And just to show I'm not completly Police obsessed, (I am in fact Sci Fi
obsessed) here's another one

Robots

In 1923 a play called R.U.R. opened in London and New York. As well as having a successful run, the play made a lasting contribution to our vocabulary by introducing the word robot into English. The author, Karel Capek, coined robot from the Czech robota, meaning 'forced labor'. In R.U.R. (which stands for "Rossum's Universal Robots" in the English translation) mechanical men originally designed to perform manual labor become so sophisticated that some advanced models develop the capacity to feel and hate, and eventually they destroy mankind.
Robot caught on quickly on both sides of the Atlantic, and within a very few years it was being used to denote not only 'a complex machine that looks somewhat human' but also 'a person who has been dehumanized through the necessity of performing mechanical, mindless tasks in a highly industrialized society'. Today robot is also used widely in both scientific and nonscientific circles as a term for 'any automatic apparatus or device that performs functions ordinarily ascribed to human beings or operates with what appears to be almost human intelligence'.

And Another:

Eavesdrop

The verb eavesdrop first appeared in the seventeenth century and is probably a back-formation by subtraction of its agent ending from the noun eavesdropper, which in turn is derived from the Middle English noun evesdrop, now spelled eavesdrop. Dating from the ninth century, eavesdrop and its variant eavesdrip referred to the water that falls in drops from the eaves of a house. Later the term was also applied to the ground on which water falls from the eaves. In English law the term came to denote a special permit that was formerly required before one could build so that water from one's eaves could fall directly on the land of another.
The original meaning of eavesdropper, as it was used in the fifteenth century, was 'one who stood within the eavesdrop of a house to overhear what is going on inside', as is evident in the following passage from Termes de la Ley, first compiled by John Rastell in 1527: "Evesdroppers are such as stand under walls or windows by night or day to hear news, and to carry them to others, to make strife and debate amongst their neighbours: those are evil members in the commonwealth, and therefore . . . are to be punished."
From such beginnings sprang the word which has come to be applied to the sophisticated electronic eavesdropping carried on by governmental agencies today.

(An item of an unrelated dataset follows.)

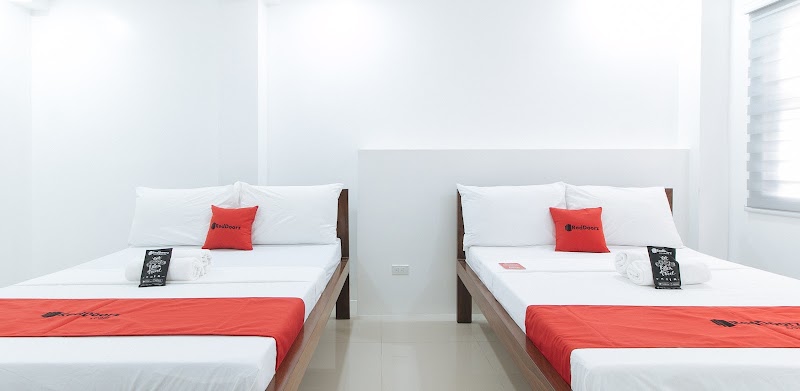 RedDoorz Plus @ DBuilders Poblacion BGC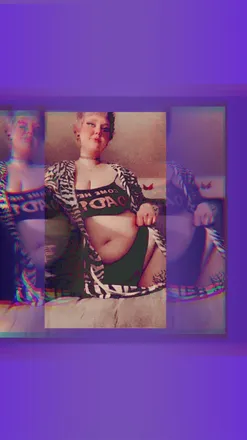 OnlyFans cuenta bustygothbaby header 2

Another, and far more scary one if you've ever seen it:

Shrapnel

In 1784 an obscure lieutenant in the British artillery began experimenting, on his own time and at his own expense, with an antipersonnel weapon that consisted of a hollow spherical projectile filled with shot and an explosive charge and designed to scatter the shot and shell fragments in midair. After years of experimentation Henry Shrapnel (1761-1842) saw his invention adopted by the British artillery in 1803. The Shrapnel shell, as it was called almost immediately following its invention, was first actually used in battle when the British seized part of Dutch Surinam in 1804 and established British Guiana. The device soon found a champion in the Duke of Wellington, who used it in 1808 and later against Napoleon at Waterloo.
Wellington himself fired off an admiring missive to the inventor, as did other field commanders.
The British military decided that Shrapnel merited no reward or financial compensation, however, despite the fact that he had spent 28 years perfecting his invention at a personal cost of several thousand pounds. Many years later, during World War II, it was found that the explosive charge fragmented the casing of the Shrapnel shell so effectively that the use of the shrapnel balls was unnecessary. Since then, shrapnel has been used to refer to the actual shell fragments, as well as to fragments of an explosive bomb or mine.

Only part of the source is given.